Near the bottom of South Street on your left and hidden away down a short alley is the entrance to Holy Trinity Church. On this site before the Norman Conquest there was a chapel dedicated to St. Andrew. Dorset historian John Hutchins was installed as rector in 1743. Nowadays the building is home to the Purbeck Information and Heritage Centre.

Continuing up South Street on your left is the Bear Inn and Hotel and across the road a fine three story Georgian property, The Manor House built in 1712. There is a small shopping development here on the site of the former church dedicated to St. John.

We are back at the cross roads at the centre of the town and what would have been the business heart of the place and rather confirms Wareham as a small town. Here on the corner of North and East Streets is the Town Hall in earlier days the site of St. Peter’s parish church dating from 1321. Damaged in the great fire of 1762 it was rebuilt as the Town Hall and jail in 1768. It was rebuilt again in 1870 and nowadays it is the town’s museum and also home to the local Tourist Information Centre.

Opposite the Town Hall in East Street is an interesting building with a bell tower. Actually the tower was part of the Town Hall until that building was rebuilt in 1870 and the tower moved across the street. John Streche an Essex man who had property in the town founded the Almshouses in 1418 and now they are private residences; new almshouses were built in 1908 at Westport. The building we see here today was re-built in 1741 by Henry Drax and John Pitt, Members of Parliament for the Borough.

Let us turn about and cross over into West Street and continue to Bloody Bank – the town’s place for executions in days past. The historian John Hutchins tells us the place got its name after five men involved in the Monmouth Rebellion were sent there in 1685 by Judge Jeffreys to be hung, drawn and quartered. But the place could have earned its name earlier as executions are believed to have been carried out here from as far back as 1213.

We can now walk along the bank up to the North Walls, from where there is an excellent view across to the River Piddle and the North Bridge. Continue round to the top of North Street and visit Wareham’s jewel: St. Martin’s Church.

The writer had mixed feelings towards the artist selling his pictures from inside the church and wondered what our Lord might have thought about it. On the other hand had he not been there it might not have been possible to gain access and his wildlife paintings were rather good.

The Saxon church is small and we are told St. Aldhelm founded a church here in 698. The present building dates from early in the 11th century and has a number of wall paintings and inscriptions the earliest said to date from the 12th century. After 1736 the church was only used for a brief period and then only for baptisms and marriages.
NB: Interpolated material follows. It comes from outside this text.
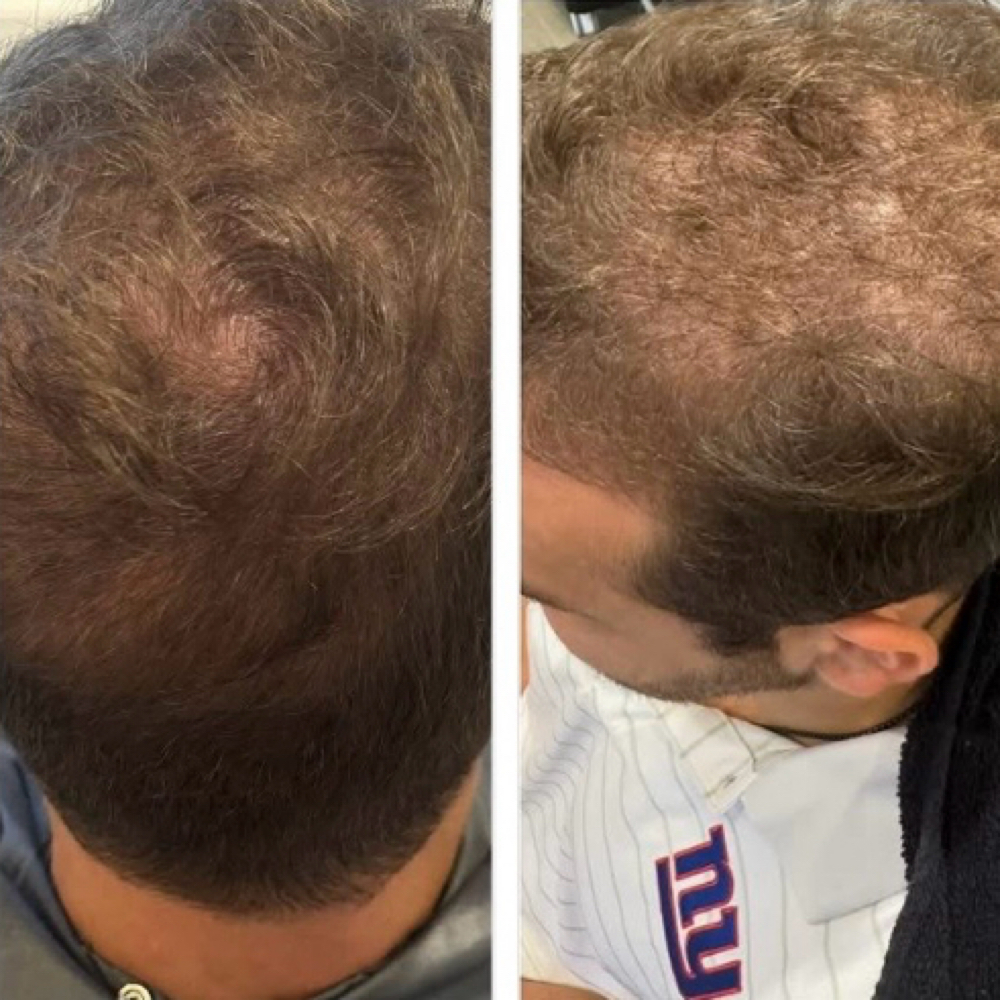 Procell Hair Regrowth System at ReNew in Fort Lauderdale, FL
It fell into disuse and was unused for about 200 years. In 1935 it was restored and at the request of his younger brother an effigy of T.E. Lawrence – “Lawrence of Arabia” – was placed in the north aisle.

As you leave St. Martin’s you can see straight down North Street to the cross roads at the centre of town and as you walk that way you will notice the Methodist church on your left.

A day well spent; St. Martin’s alone is worth the trip but do check first that it is open.